Activity –
Below is a listing; repeat exactly the lines from the one containing "Abstract geometric seamless" to the one containing "Mazda Mazda Cx-5", both included.

Extracted entries –

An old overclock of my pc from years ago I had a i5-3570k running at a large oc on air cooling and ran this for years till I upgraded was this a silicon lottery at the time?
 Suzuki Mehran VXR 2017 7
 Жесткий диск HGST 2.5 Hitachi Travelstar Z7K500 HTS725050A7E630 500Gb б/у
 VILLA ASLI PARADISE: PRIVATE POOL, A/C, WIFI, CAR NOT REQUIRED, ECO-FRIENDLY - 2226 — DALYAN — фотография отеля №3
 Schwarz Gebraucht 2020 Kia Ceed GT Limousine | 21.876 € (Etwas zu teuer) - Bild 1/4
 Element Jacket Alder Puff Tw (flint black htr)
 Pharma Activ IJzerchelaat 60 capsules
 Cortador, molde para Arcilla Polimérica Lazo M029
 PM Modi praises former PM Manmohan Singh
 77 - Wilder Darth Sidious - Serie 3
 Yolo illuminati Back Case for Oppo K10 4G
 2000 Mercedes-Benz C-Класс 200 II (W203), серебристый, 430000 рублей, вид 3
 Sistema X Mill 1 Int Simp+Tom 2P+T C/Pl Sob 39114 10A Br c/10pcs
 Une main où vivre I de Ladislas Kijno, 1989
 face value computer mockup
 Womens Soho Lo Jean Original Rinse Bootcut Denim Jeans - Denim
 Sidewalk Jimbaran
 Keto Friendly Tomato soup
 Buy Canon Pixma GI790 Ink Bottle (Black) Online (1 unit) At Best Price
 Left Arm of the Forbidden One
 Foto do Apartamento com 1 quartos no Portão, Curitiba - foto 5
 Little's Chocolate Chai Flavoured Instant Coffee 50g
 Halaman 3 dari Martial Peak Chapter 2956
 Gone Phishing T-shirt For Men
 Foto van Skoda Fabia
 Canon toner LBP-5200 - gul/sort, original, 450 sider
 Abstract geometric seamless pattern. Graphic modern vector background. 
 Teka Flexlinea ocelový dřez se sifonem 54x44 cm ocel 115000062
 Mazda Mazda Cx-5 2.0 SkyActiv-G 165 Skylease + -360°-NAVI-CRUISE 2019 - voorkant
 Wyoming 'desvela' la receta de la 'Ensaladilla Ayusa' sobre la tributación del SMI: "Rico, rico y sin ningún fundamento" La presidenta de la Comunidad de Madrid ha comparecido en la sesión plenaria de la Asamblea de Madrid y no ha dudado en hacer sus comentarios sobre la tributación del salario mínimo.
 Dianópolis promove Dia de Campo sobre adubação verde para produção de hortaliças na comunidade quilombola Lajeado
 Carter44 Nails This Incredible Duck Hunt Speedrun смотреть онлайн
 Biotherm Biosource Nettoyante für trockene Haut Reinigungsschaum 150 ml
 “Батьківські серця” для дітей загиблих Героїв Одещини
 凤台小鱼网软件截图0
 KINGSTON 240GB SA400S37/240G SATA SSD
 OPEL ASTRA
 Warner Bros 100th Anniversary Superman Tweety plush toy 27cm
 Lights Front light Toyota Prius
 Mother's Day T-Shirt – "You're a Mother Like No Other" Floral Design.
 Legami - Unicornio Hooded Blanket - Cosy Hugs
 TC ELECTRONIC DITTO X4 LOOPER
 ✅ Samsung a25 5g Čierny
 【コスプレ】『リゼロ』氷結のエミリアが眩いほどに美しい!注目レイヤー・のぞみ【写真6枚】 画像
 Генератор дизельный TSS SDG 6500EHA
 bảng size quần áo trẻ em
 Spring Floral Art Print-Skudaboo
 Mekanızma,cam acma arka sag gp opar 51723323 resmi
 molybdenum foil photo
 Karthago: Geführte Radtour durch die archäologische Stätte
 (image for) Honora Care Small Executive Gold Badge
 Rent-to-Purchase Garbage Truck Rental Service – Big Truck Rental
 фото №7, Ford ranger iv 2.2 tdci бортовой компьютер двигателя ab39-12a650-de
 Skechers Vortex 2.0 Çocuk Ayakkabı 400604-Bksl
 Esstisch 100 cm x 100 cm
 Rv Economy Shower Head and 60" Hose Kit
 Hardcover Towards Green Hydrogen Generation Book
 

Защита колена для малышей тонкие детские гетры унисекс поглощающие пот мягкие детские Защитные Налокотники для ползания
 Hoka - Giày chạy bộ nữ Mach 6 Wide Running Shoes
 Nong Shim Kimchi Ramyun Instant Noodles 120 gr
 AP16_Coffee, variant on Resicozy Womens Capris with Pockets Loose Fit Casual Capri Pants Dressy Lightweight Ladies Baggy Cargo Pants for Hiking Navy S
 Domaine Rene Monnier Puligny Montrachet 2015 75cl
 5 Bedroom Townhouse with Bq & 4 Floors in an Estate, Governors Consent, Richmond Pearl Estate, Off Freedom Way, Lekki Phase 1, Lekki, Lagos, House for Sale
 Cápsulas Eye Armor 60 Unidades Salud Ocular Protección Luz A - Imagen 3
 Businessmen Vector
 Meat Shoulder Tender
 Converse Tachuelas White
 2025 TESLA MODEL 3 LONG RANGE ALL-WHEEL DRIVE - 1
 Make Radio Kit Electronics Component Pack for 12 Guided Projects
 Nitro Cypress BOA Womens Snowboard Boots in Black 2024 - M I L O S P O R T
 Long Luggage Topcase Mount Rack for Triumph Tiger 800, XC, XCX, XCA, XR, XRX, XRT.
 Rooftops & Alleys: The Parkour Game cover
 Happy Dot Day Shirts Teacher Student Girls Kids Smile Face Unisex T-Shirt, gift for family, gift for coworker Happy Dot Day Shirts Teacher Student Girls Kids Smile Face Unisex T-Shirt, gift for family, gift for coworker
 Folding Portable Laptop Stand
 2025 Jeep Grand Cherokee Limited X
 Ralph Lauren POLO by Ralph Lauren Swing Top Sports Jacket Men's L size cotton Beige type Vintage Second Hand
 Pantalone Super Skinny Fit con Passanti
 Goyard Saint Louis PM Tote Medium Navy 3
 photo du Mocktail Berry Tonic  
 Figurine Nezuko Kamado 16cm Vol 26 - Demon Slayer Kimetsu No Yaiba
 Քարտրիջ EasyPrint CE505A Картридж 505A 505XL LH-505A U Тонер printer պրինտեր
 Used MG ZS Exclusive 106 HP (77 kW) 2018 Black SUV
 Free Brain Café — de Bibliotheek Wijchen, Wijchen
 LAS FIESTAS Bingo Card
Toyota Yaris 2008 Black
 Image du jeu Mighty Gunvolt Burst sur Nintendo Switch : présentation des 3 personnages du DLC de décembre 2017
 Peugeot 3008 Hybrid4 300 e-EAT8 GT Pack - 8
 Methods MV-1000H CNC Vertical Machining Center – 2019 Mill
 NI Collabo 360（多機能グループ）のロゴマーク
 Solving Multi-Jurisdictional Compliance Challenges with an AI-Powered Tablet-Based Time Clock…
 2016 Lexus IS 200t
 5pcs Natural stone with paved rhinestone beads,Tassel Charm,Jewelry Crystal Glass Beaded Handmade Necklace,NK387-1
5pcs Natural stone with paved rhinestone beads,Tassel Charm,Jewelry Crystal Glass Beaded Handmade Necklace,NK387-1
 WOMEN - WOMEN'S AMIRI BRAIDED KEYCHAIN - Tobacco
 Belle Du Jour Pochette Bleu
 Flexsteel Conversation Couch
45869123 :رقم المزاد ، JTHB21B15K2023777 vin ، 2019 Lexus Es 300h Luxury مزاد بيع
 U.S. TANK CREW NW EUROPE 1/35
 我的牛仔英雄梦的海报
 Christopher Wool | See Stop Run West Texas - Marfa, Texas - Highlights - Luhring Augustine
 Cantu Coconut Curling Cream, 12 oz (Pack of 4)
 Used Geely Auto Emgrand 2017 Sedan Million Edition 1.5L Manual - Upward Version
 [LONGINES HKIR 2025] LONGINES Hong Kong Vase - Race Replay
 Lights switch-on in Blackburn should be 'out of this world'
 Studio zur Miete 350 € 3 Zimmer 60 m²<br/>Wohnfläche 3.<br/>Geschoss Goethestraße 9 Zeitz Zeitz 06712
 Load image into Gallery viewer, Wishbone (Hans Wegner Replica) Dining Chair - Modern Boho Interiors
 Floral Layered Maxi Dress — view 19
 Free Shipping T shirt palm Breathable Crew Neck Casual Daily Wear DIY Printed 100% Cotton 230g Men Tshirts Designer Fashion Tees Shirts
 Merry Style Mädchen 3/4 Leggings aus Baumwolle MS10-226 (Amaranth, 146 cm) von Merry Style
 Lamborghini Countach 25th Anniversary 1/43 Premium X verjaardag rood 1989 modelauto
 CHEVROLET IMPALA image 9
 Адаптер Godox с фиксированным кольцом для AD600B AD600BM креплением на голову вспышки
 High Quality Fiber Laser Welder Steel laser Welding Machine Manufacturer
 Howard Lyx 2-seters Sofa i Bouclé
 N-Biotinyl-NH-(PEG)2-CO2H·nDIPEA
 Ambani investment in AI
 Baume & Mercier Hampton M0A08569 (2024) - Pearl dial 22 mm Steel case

Result for this task –
 Abstract geometric seamless pattern. Graphic modern vector background. 
 Teka Flexlinea ocelový dřez se sifonem 54x44 cm ocel 115000062
 Mazda Mazda Cx-5 2.0 SkyActiv-G 165 Skylease + -360°-NAVI-CRUISE 2019 - voorkant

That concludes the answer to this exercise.